The overall prediction mechanism consists of two phases: meta-training and meta-testing. The idea of meta-training is to train DNN-based models on a large quantity of different tasks to learn and generalize some meta-knowledge that facilitates the model to adapt to a new task quickly. The meta training phase employs first-order model-agnostic meta learning algorithm (MAML) as a core component, and its essence is to find a set of optimal initial parameters for the training model, such that the model has maximal performance on a new task through only a few gradient steps computed on a small number of data. To conduct cross-task learning, we use a Bidirectional Gated Recurrent Units (BiGRU) to obtain consistent input dimension. In the meta-testing phase, a few data from the target task is used to fine-tune the model parameters through just a few gradient steps so that the model can perform well without overfitting.

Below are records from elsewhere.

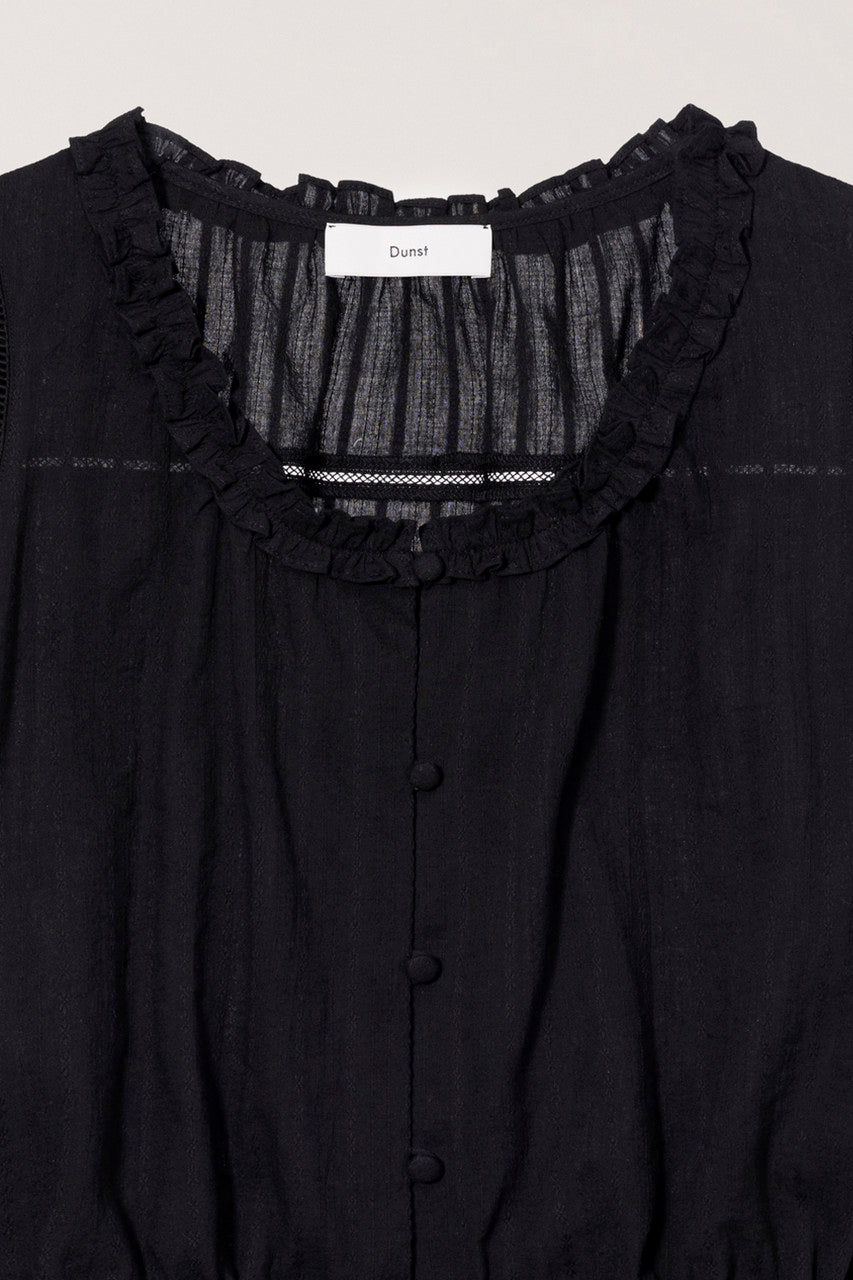FRILLED SLEEVELESS BLOUSE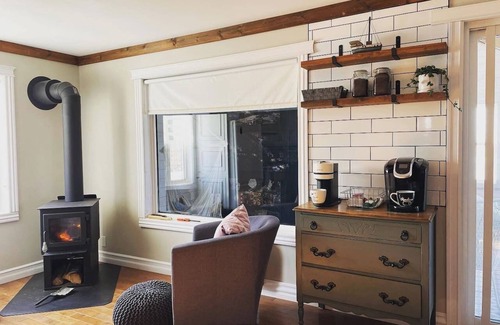 Chiasson Ski Chalet | Large renovated beachfront cottage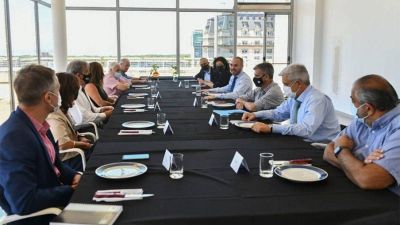 Guzmán, con CGT y empresarios por la «necesidad de consensos»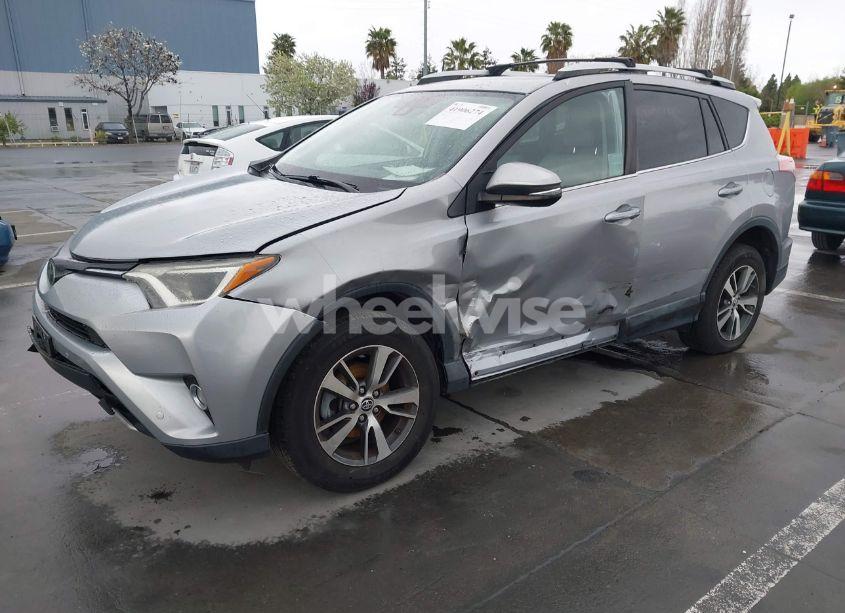 Photo 2 of 2016 Toyota Rav4 XLE (VIN 2T3WFREV7GW251931)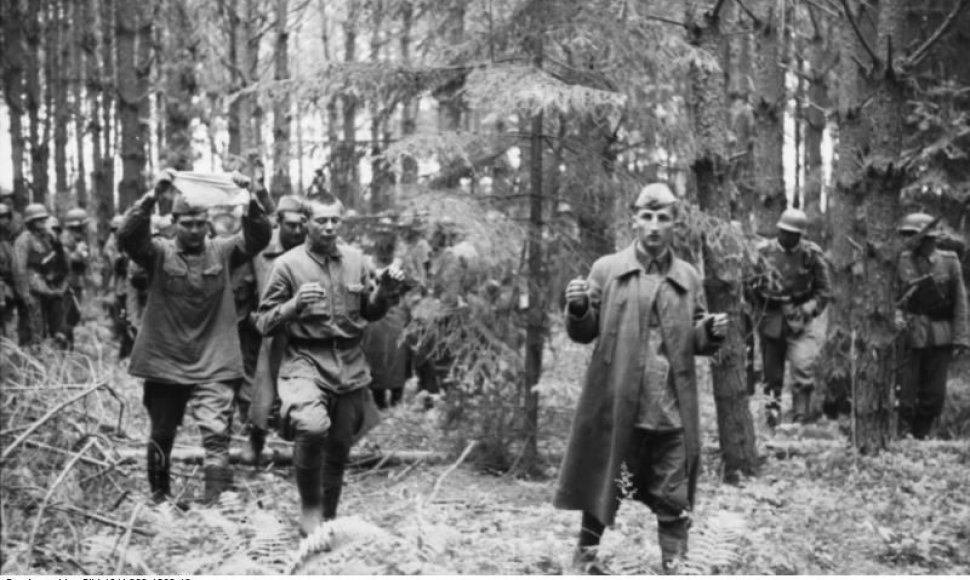 Į nelaisvę pasiduodantys sovietų kariai. 1941 m. birželis–liepa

To validate the effectiveness of the proposed prediction mechanism, we design two groups of comparison models. The first group called the Base model is directly trained on single task’s training dataset for each specific task, and the second group called the Meta model is trained using the method proposed in this paper.

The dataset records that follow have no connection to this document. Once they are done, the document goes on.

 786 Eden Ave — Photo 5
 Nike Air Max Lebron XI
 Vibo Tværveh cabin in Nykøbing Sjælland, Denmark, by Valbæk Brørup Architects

The main contributions of this work are summarized as follow.
•We propose a meta-learning-based prediction mechanism for few-shot time series forecasting problem, which generalizes meta-knowledge by cross-task learning and alleviate overfitting problem of DNN-based models in few-shot scenarios through fast adaptation of first-order MAML algorithm.

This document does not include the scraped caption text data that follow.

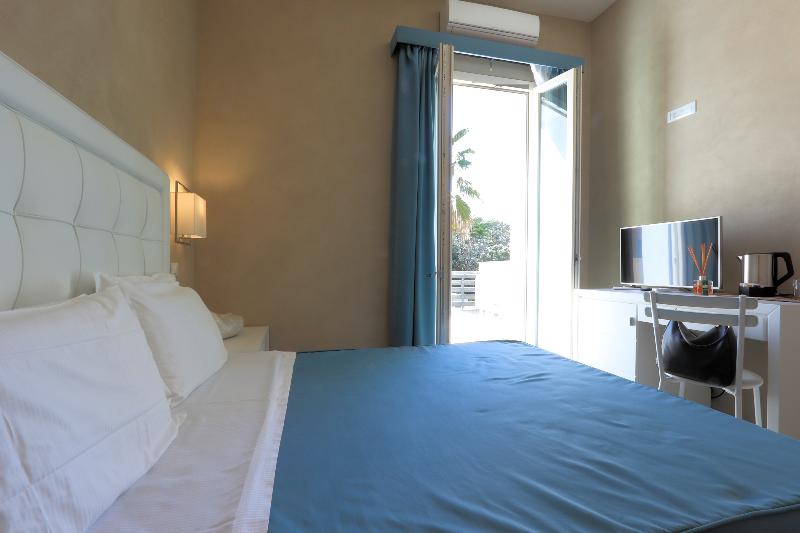 Hotel Cecina Beach - Oda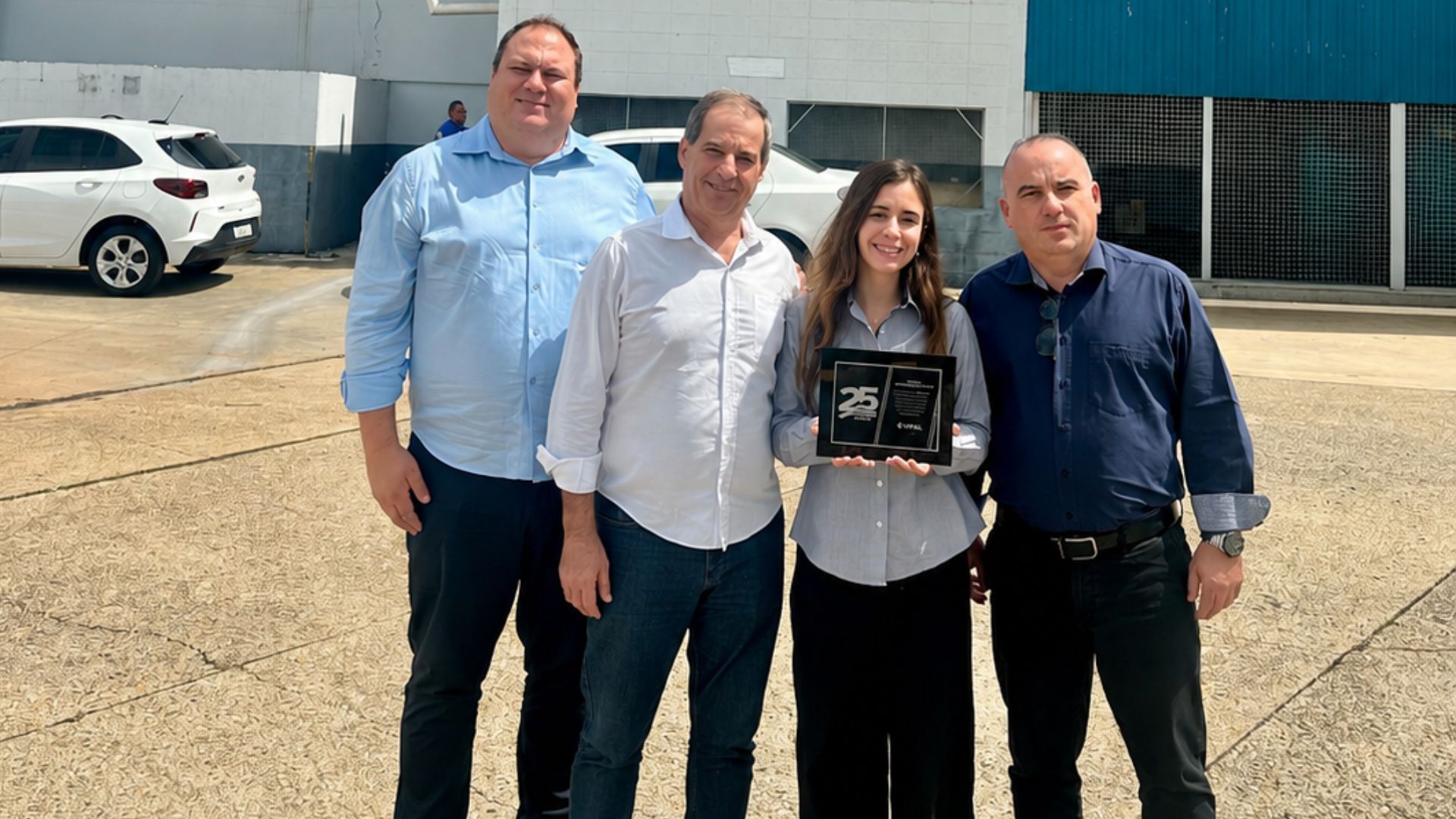 Mogiana Renovadora de Pneus celebra 25 anos de parceria com a Vipal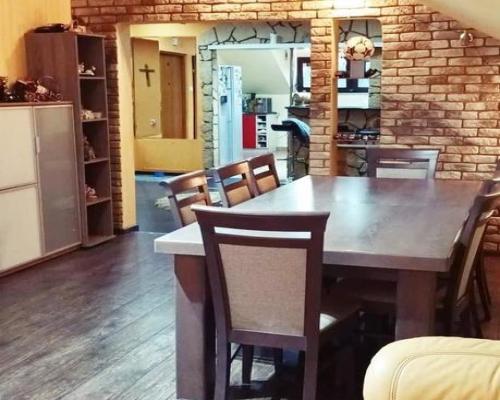 Mieszkanie w domu jednorodzinnym-Elizówka blisko IKEI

•We introduce a new hyper-parameter γ in the meta-testing phase, which can be found in Eq. (12). Compared with the first-order MAML algorithm, the hyper-parameter α in Eq. (6) doesn’t directly use, but utilizing γ to achieve more fine-grained training control.
•We design two group comparison models, called Base model and Meta model respectively, and perform extensive experiments on multiple different domain’s time-series datasets, in which Meta model demonstrates superior performance compared with Base model . We also proceed with statistical tests for all models used in experiments, which indicate that the models in Meta model have consistent superior rank compared with counterparts in Base model .
•Furthermore, we conduct data sensitivity study, which indicates our prediction mechanism is robust for data scales and forecast horizons.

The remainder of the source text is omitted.